Euronavs verdienmodel is allesbehalve hoogtechnologisch van aard, maar zeker noodzakelijk: het bedrijf bezit een vloot schepen die worden ingeschakeld voor het transporteren en de opslag van ruwe olie. In een maatschappij die nog in grote mate steunt op fossiele brandstoffen, is die activiteit nog niet snel weg te denken. De klanten van Euronav zijn bedrijven die olie ontginnen en verwerken, verspreid over de wereld.

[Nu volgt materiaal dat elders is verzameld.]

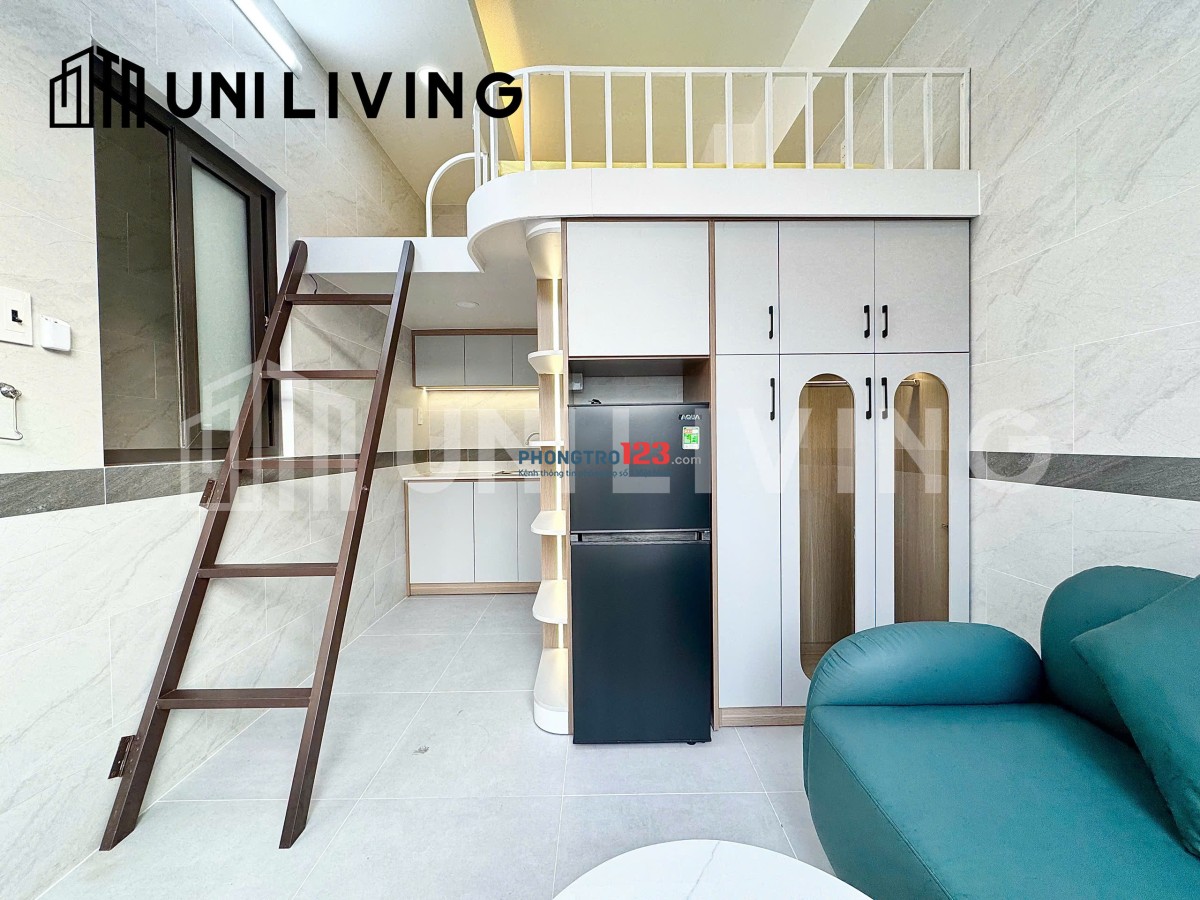 KHAI TRƯƠNG PHÒNG TRỌ BÌNH THẠNH GẦN NGÃ TƯ HÀNG XANH - DUPLEX NỘI THẤT MỚI BAN CÔNG - ĐIỆN BIÊN PHỦ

De vloot van het Belgische bedrijf bestaat vooral uit tankers, die als doel hebben om olie te transporteren van de ene locatie naar de andere, via zeeën en oceanen. Dat kan via langetermijncontracten of via éénmalige transportopdrachten voor klanten. Eén type tanker; de VLCC of ‘Very Large Crude Carrier’, is veruit de meest voorkomende in de vloot. Zulke schepen kunnen al snel twee miljoen vaten olie opslaan in het laadruim en zijn ongeveer 300 meter lang. Euronav richtte dan ook samen met andere spelers ‘Tankers International’ op, een bedrijf dat de grootste ‘pool’ aan VLCC’s omvat, om grote projecten te bolwerken voor klanten.
De andere categorie schepen in de vloot is de FSO of ‘Floating Storage and Offloading Unit’, een schip bedoeld voor het verwerken en de opslag van olie bij het opboren in olievelden ver van de kustlijn. Eerst wordt het mengsel van ruwe olie en water door het schip gesplitst en vervolgens slaat men de olie op aan boord. Het schip zuivert het water en stoot het daarna af, terug in de oceaan . Momenteel heeft Euronav twee zo’n vaartuigen.